The portrait of Jacques Lipchitz, at 25 5/8 inches tall and 21 5/8 inches wide is not an extremely large piece of work but its impact is much greater than its physical size. Rivera’s personal interpretation of cubism is distinctive in his use of bright colors, larger surfaces and intense textures, evident in this portrait. While many cubists were focusing on flattening the plane of the picture and using monochromatic colors, Rivera used cubist techniques to make his work multi-dimensional and used color to describe strong emotion, while also connecting to his Mexican heritage. Serapes, the woven blankets worn by Mexican peasants, became a hallmark of Rivera’s cubist paintings and can be seen in his portrait of Jacques Lipchitz, cloaking his Lithuanian friend in his own Mexican identity.
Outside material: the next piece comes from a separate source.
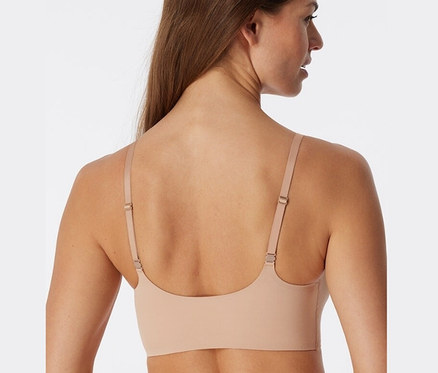 Pohľad zozadu na ženu s hnedými vlasmi, ktorá má na sebe telovú neviditeľnú podprsenku s vložkami SCHIESSER.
[2] While many cubist portraits such as Picasso’s Portrait of Daniel-Henry Kahnweiler (fig 1) broke down the image into small, difficult to recognize pieces with the reconstruction barely identifiable, Rivera chose to reconstruct Jacques Lipchitz’s face and head area in a way that adds depth and interest. Rivera depicted Lipchitz as deep in thought through the placement of his hands and his use of multi- dimensions and prominent, deeper colors in his head area, adds interest and even area to his head, giving the impression of Lipchitz having many thoughts. The portrait also has two mouths, one appears outgoing and verbose and the other, quiet and thoughtful. It is obvious that Rivera considered Lipchitz an intelligent and multi-faceted man.[3]
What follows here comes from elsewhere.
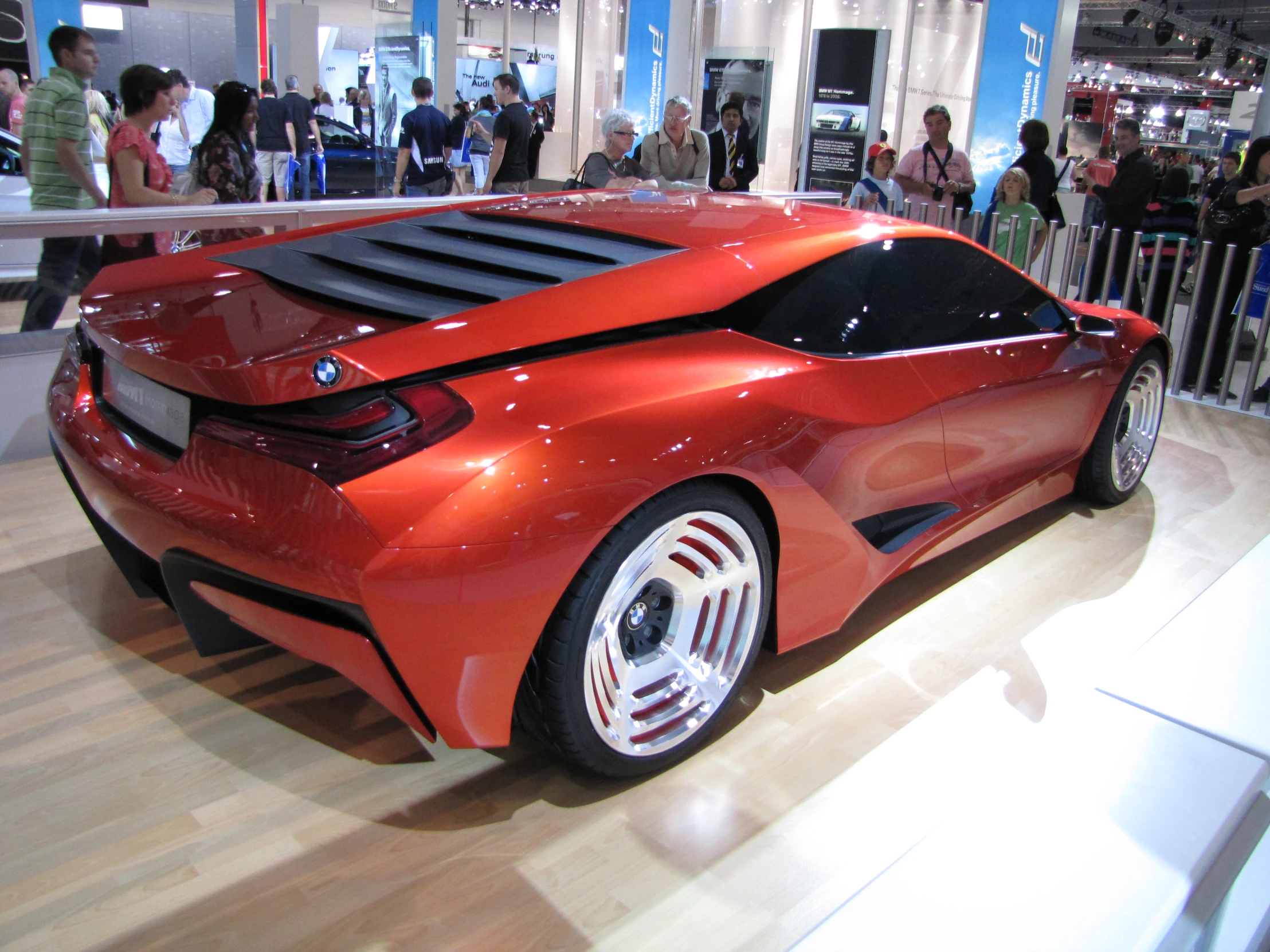 a very cute looking orange sports car on display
Cubism was an art movement pioneered by Pablo Picasso and Georges Braque.  The first branch of cubism developed between 1908 and 1911 was called Analytic Cubism. Analytic cubism analyzed natural forms, reducing them to basic shapes, like cylinders, cones and spheres in two-dimensions. There was little color used except for monochromatic blues, greys and browns. Popular cubist motifs include liquer bottles, musical instruments and painted wood grain. Synthetic Cubism took the movement even further through the use of collage and mixed media. Picasso and Braque participated in friendly competition as they experimented and stretched the boundaries of the cubist movement, which began in 1912 and remained vital until around 1919, when the Surrealist movement gained popularity.[4] Diego Rivera, a long time admirer of Picasso’s work, stepped into the cubist movement in 1913 when it was already well established, adding his own techniques and style.[5]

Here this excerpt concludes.